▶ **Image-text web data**
◇ ◇ ◇ ◇ ◇ ◇ ◇
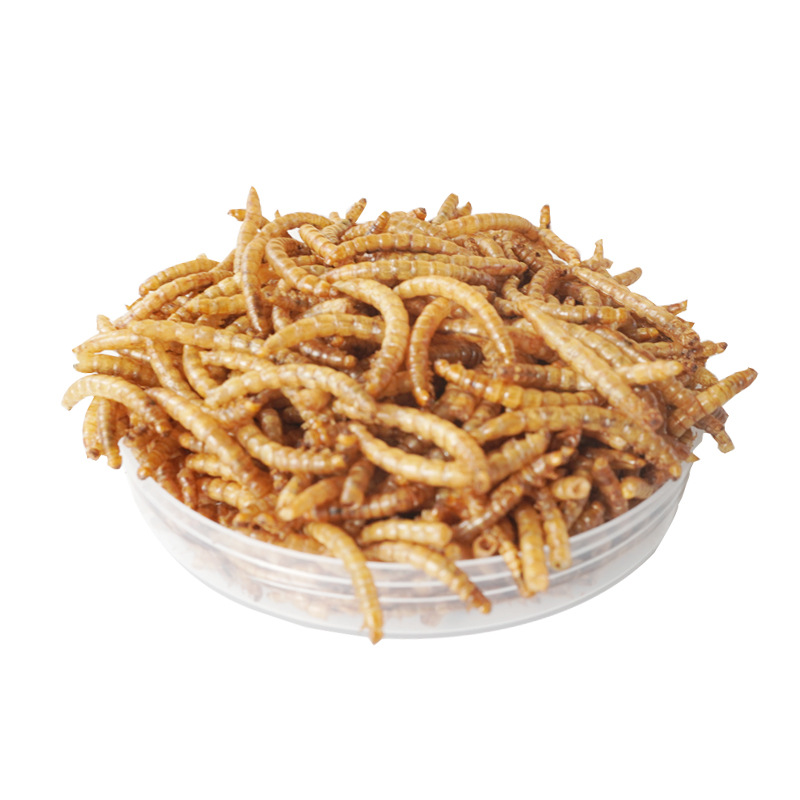 Food Protein Snacks - ขนมโปรตีนสูง อาหารแฮมสเตอร์ อาหารนก เม่น หนูตะเภา อะโรวาน่า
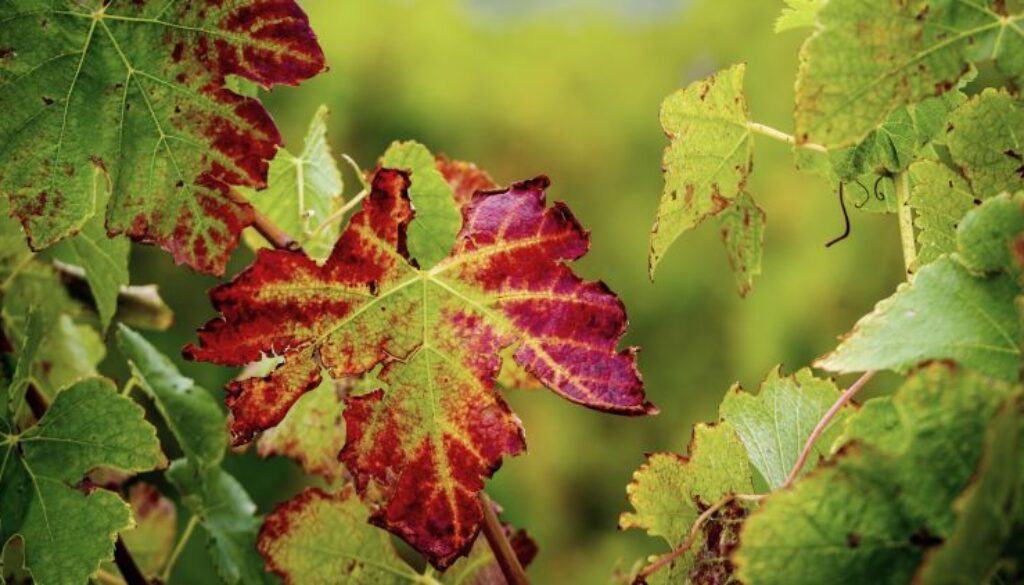 Red,Leaves,On,Grape,Vines,Are,Caused,By,Biotic,(viruses,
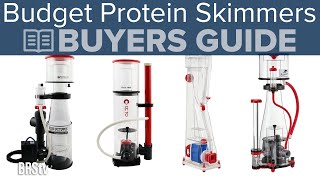 Thomas' Top Protein Skimmers Under $300 and up to 75 Gallons of Reef Tank!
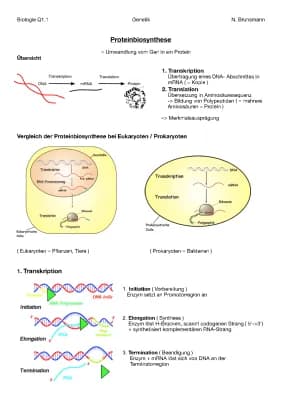 Know Proteinbiosynthese thumbnail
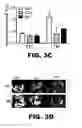 Fig. 16 - Compositions and methods for inhibiting antiapoptotic Bcl-2 proteins as anti-aging agents
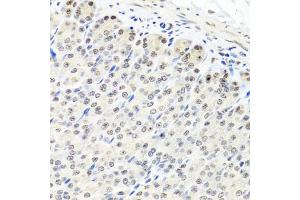Immunohistochemistry of paraffin-embedded mouse stomach using CNOT8 antibody. (CNOT8 anticorps)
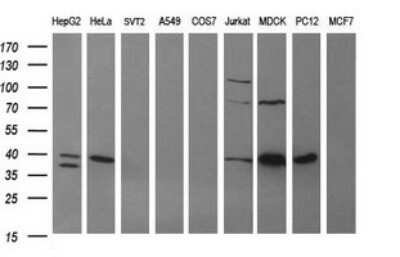 Western Blot: ARG2 Antibody (OTI3G5) - Azide and BSA Free [NBP2-70205] - Analysis of extracts (35ug) from 9 different cell lines (HepG2: human; HeLa: human; SVT2: mouse; A549: human; COS7: monkey; Jurkat: human; MDCK: canine; PC12: rat; MCF7: human).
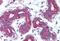 TNF Superfamily Member 11 antibody, MBS241339, MyBioSource, Immunohistochemistry paraffin image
◇ ◇ ◇ ◇ ◇ ◇ ◇
▶ **What to work on**
Repeat, without pictures, exactly the lines of the data above from the one containing "Know Proteinbiosynthese thumbnail" through the one containing "Immunohistochemistry of paraffin-embedded", including both and adding nothing.

▶ **Solution for this exercise**
 Know Proteinbiosynthese thumbnail
 Fig. 16 - Compositions and methods for inhibiting antiapoptotic Bcl-2 proteins as anti-aging agents
Immunohistochemistry of paraffin-embedded mouse stomach using CNOT8 antibody. (CNOT8 anticorps)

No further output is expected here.